_What the task requires_: Write out the entries below exactly, but only from the line containing "LumiLiving Wireless Sensor Night Light" through the line containing "Riley Cardi &", and without the pictures.

_Supplied records_:
════════════════════

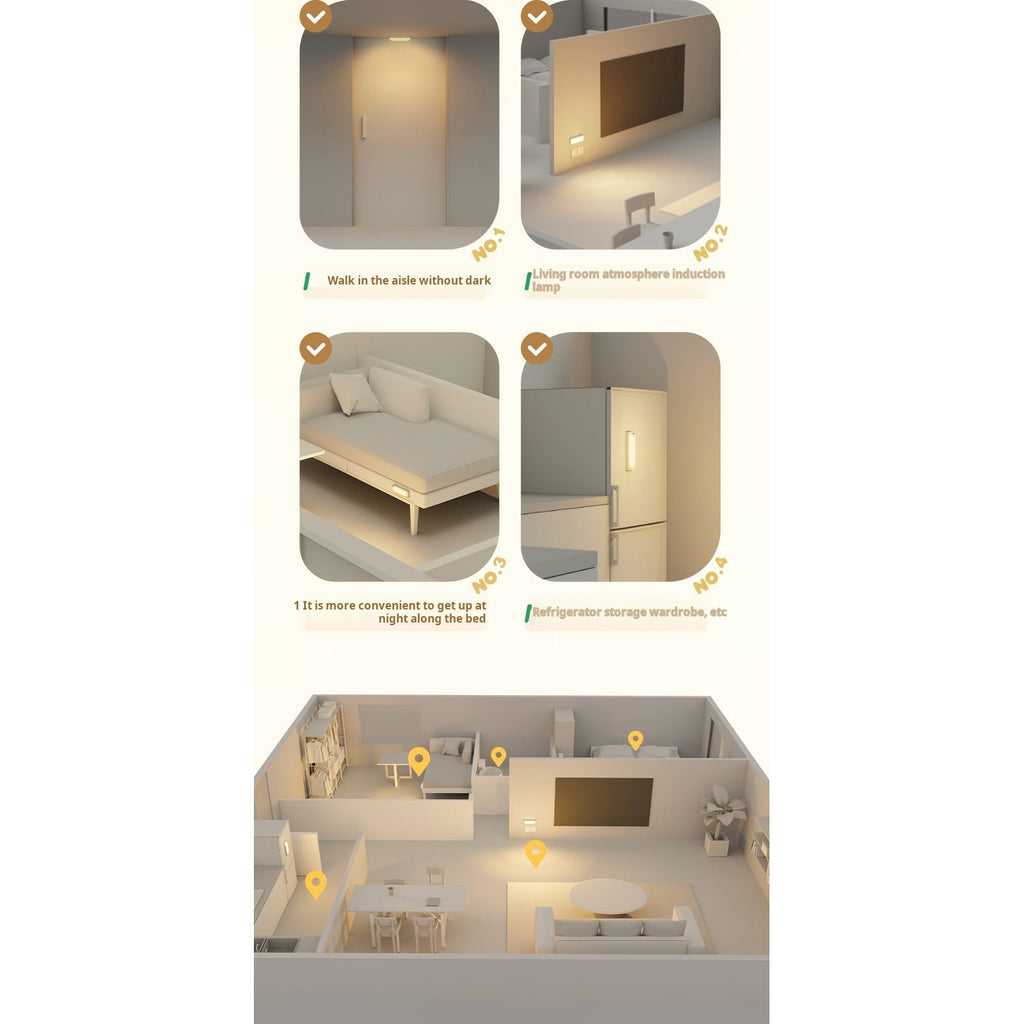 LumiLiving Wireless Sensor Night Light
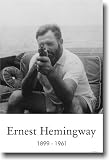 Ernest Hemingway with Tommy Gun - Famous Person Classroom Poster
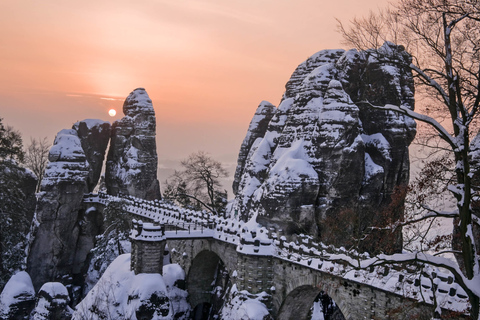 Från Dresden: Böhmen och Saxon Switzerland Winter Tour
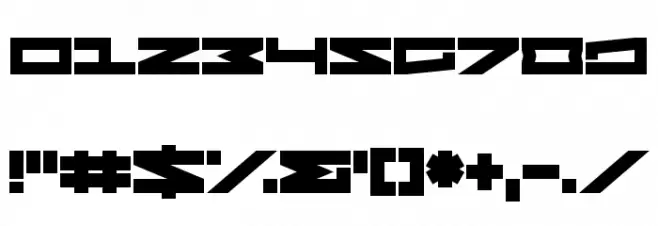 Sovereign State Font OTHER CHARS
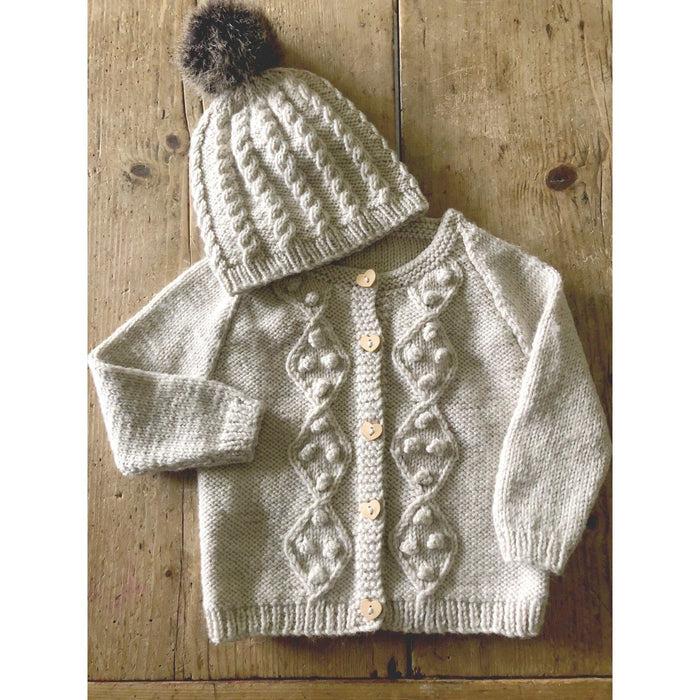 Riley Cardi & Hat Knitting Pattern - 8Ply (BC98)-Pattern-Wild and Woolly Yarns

════════════════════

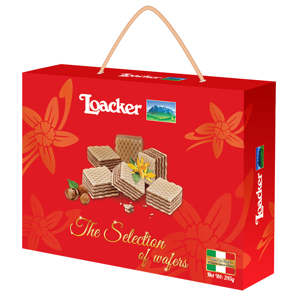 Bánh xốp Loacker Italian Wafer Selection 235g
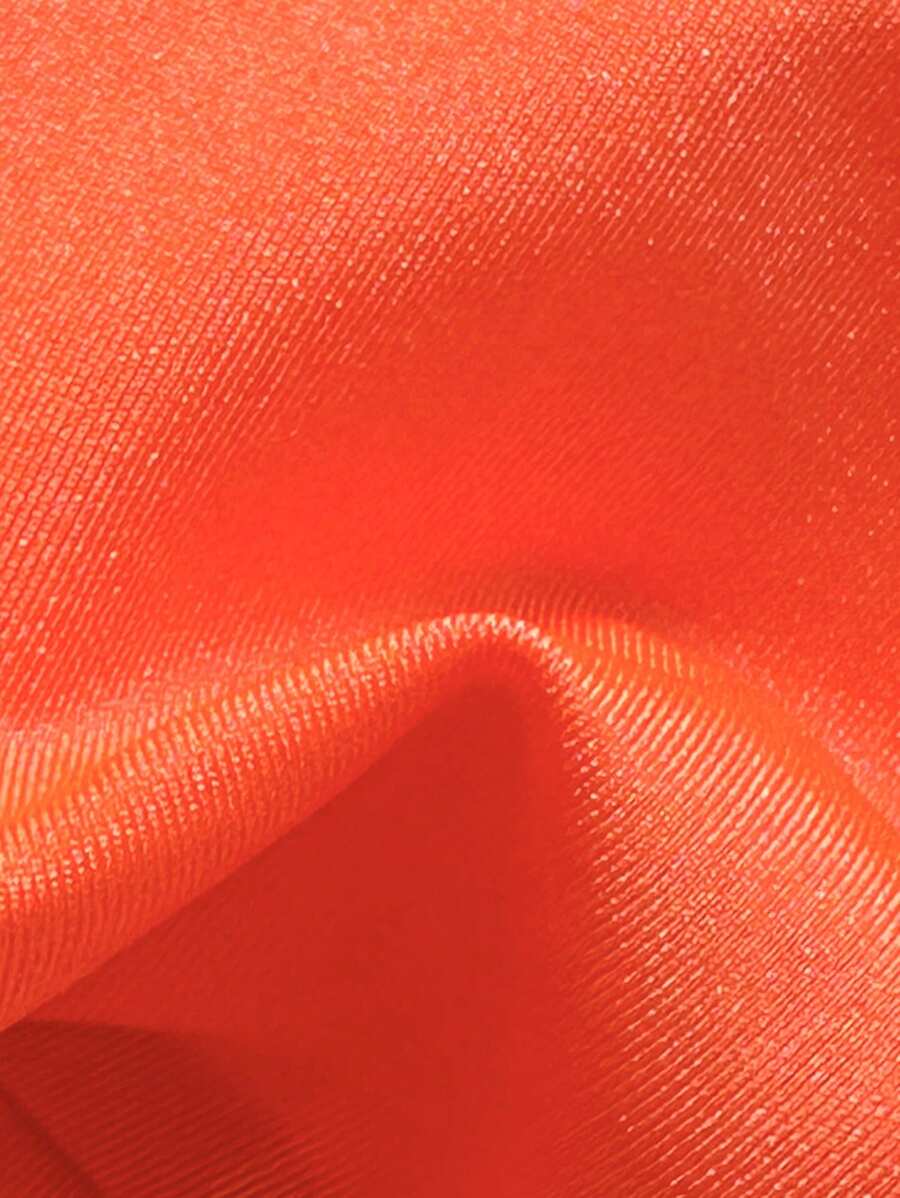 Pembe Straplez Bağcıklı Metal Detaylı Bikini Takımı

════════════════════

_Answer area_:
 LumiLiving Wireless Sensor Night Light
 Ernest Hemingway with Tommy Gun - Famous Person Classroom Poster
 Från Dresden: Böhmen och Saxon Switzerland Winter Tour
 Sovereign State Font OTHER CHARS
 Riley Cardi & Hat Knitting Pattern - 8Ply (BC98)-Pattern-Wild and Woolly Yarns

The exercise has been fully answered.